On-demand technologies, the numbers don't add up
According to Capgemini, the adoption of public clouds, Saas applications and Ai is coupled with poor cost visibility and governance holes
Key points
Increasing the ability to innovate, improving operational agility and strengthening competitiveness: a dogma for millions of companies engaged in the digital transformation process and which see public cloud services, Software as a Service (SaaS) applications and generative artificial intelligence tools as the technologies of choice to achieve this goal. But while the advantages of adopting these solutions are objective, a recent study by Capgemini Research Institute ('The On-Demand tech paradox: balancing speed and spend') also reveals their dark side, made up of poor cost visibility, management complexity, underutilised resources and governance holes. All factors that, combined with a mentality still tied to the logic of the past, risk compromising the scope of these advantages.
Budget overruns in the company
.Companies, reads the report that Il Sole24ore had a preview of, are progressively shifting from capital-intensive investments to more flexible and consumption-based models, fuelling a trend that has seen the weight of on-demand technologies on IT budgets grow from 29% to 41% in just twelve months. In more detail, 82% of the 1,000 or so executives of very large companies surveyed on a global scale report a significant increase in spending on these solutions, 76% of companies have exceeded their public cloud budgets (by an average of 10%) and 68% have overspent on Gen AI, paying tariffs for underutilisation of resources and lack of centralised purchasing. Finally, only 29% of companies have achieved expected cost savings from SaaS and only 38% have truly accelerated innovation with Gen AI tools.
Expenditure to double in 3-4 years
."These technologies," observes Ernesto De Ruggiero, Managing Director Cloud Infrastructure Services of Capgemini in Italy, "have transformed the way companies operate, but they have inevitable economic repercussions, with expenses set to double in the next three to four years.

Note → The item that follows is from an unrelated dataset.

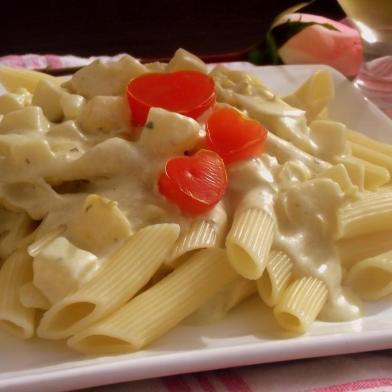 Penne ao molho de pera e gorgonzola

This is a clear summary of a scenario that calls on CEOs and CIOs to make important decisions, and in which those companies that are able to align their cloud migration strategy with business objectives (thanks to more mature and evolved FinOps practices, which are still underdeveloped at the moment) and to design scalable and modular architectures, exploiting AI-based automation to optimise processes and reduce inefficiencies, will be those most ready to generate value from their investments. Indeed, the majority of surveyed managers (77 per cent to be precise) consider the scalability and performance provided by cloud computing to be crucial for growth, as it enables them to accelerate transformation and reduce time-to-market, but there are many cases of companies finding it difficult to keep the management and operational burden of these solutions under control.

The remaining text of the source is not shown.